What you have to do:
Below are the records; copy each line in them that holds the word "Collagen".

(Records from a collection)
************

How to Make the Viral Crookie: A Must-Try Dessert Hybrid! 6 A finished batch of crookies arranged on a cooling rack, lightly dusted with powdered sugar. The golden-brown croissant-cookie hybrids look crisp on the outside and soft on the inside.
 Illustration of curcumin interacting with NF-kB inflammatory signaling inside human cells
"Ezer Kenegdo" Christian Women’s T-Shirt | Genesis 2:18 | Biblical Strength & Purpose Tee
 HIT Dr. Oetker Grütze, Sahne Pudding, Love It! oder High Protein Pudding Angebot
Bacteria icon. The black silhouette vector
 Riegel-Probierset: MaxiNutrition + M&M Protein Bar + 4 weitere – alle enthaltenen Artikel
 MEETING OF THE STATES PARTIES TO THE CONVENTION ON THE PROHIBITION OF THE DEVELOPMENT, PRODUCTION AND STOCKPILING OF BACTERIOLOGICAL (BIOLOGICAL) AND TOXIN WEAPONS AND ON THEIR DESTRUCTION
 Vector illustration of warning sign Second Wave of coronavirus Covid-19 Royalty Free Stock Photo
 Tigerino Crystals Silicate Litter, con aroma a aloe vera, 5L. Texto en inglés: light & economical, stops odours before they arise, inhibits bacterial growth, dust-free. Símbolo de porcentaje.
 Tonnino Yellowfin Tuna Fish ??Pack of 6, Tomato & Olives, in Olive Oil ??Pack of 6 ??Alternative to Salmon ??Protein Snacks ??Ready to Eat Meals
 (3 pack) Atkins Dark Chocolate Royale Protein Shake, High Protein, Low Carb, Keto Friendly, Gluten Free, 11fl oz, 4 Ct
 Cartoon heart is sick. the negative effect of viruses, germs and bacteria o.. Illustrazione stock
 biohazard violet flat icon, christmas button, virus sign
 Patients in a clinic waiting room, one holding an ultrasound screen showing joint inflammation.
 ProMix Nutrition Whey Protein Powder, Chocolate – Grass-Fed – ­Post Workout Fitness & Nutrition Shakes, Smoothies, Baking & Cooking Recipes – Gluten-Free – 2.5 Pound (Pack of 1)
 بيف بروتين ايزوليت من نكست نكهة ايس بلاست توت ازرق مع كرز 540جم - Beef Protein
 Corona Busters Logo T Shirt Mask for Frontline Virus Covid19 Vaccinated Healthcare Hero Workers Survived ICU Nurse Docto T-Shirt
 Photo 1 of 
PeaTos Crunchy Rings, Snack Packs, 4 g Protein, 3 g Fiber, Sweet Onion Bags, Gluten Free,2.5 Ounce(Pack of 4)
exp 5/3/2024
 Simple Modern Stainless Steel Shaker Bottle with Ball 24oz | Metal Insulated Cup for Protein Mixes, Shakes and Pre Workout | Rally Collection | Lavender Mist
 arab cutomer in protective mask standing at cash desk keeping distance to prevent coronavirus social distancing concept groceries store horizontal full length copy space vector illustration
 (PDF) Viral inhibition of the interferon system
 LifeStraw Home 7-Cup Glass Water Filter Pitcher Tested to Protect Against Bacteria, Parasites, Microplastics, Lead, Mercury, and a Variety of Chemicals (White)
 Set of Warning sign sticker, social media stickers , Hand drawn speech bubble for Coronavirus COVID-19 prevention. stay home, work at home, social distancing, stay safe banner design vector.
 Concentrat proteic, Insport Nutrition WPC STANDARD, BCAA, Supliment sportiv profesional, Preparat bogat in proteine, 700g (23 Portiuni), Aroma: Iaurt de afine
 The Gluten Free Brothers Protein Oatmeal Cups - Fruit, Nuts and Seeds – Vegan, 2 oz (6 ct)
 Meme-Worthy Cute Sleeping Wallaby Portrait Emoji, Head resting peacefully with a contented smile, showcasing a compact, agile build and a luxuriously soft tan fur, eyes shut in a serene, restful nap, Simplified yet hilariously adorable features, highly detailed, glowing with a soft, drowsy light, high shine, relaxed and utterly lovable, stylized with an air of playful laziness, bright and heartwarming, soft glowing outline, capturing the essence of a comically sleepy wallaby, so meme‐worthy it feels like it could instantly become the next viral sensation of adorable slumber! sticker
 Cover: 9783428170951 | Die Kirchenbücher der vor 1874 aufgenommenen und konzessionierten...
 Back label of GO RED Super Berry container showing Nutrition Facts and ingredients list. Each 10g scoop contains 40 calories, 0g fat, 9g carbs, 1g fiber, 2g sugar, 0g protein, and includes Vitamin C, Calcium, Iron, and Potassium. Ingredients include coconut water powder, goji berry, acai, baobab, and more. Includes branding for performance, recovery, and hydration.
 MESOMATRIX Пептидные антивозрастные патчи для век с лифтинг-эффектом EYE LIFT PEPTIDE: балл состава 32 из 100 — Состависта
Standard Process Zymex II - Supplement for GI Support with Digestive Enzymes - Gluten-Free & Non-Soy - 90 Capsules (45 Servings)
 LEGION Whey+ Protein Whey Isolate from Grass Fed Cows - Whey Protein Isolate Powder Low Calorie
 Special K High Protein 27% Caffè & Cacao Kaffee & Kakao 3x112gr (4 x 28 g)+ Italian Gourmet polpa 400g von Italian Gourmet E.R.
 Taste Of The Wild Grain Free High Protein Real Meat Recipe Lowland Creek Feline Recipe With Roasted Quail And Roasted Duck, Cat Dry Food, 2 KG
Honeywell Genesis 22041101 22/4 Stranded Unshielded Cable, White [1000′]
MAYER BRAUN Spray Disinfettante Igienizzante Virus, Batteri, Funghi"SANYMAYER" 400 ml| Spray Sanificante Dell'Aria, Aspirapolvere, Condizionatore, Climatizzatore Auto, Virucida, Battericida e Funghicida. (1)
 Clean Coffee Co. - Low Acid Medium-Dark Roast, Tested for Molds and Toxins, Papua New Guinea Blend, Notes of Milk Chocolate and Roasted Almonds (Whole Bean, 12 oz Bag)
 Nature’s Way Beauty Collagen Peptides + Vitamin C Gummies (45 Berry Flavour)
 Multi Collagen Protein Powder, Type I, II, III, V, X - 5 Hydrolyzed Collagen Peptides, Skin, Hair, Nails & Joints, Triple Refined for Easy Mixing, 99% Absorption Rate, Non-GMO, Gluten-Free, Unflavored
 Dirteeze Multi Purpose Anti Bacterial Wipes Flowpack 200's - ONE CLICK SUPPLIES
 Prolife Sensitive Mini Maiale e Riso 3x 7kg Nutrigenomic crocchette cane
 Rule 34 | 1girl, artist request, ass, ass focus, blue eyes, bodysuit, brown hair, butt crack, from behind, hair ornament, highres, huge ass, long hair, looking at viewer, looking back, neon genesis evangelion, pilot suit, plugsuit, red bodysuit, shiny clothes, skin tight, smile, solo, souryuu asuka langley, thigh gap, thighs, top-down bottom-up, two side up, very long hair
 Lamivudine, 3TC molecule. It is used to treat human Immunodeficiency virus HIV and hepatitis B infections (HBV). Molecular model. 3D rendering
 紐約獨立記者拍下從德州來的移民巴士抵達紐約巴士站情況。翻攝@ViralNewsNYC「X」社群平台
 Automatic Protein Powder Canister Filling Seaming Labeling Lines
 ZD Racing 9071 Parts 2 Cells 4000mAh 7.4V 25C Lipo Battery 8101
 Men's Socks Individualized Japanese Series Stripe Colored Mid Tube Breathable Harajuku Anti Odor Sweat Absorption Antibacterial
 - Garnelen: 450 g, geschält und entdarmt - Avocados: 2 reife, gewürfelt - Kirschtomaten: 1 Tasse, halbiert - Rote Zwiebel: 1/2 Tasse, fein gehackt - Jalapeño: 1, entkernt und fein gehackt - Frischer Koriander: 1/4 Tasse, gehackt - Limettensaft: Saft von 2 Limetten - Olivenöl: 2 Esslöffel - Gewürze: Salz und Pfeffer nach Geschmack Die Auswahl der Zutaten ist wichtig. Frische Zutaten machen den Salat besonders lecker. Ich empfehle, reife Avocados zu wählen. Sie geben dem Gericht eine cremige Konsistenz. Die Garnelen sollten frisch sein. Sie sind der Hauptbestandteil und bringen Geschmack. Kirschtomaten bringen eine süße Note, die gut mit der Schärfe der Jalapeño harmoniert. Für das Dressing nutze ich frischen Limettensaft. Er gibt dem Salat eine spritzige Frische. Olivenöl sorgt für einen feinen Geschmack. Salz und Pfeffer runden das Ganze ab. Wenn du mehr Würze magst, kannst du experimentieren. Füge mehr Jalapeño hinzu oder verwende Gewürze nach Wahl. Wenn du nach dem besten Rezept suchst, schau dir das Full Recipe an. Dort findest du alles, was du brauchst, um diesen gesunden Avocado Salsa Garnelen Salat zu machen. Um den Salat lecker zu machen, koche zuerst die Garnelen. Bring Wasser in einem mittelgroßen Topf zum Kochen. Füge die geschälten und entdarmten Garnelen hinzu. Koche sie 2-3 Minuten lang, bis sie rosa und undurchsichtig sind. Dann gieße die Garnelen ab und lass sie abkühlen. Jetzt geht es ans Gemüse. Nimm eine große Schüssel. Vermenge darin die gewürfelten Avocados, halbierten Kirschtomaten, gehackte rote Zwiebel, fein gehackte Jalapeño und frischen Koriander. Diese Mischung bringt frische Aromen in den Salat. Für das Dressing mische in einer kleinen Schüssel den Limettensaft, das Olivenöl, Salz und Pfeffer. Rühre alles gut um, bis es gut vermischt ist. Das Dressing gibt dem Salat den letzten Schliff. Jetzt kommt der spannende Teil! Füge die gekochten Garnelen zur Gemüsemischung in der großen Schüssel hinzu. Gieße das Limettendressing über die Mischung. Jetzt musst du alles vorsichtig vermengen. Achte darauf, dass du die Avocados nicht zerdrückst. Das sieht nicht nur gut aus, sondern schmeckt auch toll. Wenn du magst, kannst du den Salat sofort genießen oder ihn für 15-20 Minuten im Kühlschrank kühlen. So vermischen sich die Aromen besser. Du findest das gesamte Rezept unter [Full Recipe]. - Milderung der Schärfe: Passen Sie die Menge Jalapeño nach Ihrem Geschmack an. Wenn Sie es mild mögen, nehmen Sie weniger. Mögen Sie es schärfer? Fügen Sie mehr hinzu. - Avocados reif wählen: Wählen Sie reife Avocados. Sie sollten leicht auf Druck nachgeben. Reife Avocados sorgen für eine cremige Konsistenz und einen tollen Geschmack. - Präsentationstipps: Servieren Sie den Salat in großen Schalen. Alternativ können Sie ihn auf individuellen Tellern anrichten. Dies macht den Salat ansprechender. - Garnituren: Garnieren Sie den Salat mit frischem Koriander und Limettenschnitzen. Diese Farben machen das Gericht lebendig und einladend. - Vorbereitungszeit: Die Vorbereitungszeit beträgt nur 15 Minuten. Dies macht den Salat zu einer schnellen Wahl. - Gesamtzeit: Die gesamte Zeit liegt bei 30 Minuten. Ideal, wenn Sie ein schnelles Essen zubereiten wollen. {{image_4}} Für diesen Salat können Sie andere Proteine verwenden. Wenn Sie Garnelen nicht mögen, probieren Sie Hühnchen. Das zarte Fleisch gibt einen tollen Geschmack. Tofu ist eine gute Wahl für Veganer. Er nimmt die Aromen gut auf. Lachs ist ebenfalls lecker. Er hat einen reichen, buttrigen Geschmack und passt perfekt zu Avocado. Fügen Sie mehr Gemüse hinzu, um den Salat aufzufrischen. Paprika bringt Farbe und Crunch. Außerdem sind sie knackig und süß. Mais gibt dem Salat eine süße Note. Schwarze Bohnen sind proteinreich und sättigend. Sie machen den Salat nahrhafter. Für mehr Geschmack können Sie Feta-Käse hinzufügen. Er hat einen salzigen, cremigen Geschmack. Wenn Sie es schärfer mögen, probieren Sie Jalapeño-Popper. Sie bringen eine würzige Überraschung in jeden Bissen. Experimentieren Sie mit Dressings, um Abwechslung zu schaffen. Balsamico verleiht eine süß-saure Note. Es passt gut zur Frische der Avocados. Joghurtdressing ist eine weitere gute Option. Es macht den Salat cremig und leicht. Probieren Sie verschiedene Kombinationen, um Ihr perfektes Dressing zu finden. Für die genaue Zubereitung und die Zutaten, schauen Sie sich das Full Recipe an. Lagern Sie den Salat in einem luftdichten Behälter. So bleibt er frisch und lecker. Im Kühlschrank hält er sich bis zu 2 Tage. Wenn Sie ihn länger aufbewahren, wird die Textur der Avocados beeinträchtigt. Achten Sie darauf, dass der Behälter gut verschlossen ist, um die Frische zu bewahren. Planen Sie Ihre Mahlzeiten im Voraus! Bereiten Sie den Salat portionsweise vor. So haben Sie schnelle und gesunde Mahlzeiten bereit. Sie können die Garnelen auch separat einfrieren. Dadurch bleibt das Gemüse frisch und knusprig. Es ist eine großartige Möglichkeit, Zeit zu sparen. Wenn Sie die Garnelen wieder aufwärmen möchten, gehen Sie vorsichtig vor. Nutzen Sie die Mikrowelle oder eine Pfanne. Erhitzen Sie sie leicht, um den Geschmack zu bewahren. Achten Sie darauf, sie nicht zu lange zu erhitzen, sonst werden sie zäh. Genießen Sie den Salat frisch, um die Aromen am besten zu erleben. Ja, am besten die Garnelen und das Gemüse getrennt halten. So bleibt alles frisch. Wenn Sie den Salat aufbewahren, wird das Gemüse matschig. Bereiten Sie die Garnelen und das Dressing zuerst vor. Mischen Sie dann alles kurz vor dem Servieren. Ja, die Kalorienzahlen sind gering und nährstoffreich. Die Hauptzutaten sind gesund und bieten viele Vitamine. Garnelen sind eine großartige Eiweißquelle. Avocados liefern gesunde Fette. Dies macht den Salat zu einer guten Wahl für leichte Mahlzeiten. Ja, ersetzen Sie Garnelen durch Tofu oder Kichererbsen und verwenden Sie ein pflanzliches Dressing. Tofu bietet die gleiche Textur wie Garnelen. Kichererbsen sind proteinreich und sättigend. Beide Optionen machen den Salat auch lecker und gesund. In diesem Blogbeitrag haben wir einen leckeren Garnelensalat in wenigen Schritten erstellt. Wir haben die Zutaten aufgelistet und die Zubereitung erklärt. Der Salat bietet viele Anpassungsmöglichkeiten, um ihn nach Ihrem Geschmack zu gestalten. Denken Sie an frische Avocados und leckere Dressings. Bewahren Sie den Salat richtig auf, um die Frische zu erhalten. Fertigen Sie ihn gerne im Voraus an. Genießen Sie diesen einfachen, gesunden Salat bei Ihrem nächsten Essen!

************

Response to this task:
 Nature’s Way Beauty Collagen Peptides + Vitamin C Gummies (45 Berry Flavour)
 Multi Collagen Protein Powder, Type I, II, III, V, X - 5 Hydrolyzed Collagen Peptides, Skin, Hair, Nails & Joints, Triple Refined for Easy Mixing, 99% Absorption Rate, Non-GMO, Gluten-Free, Unflavored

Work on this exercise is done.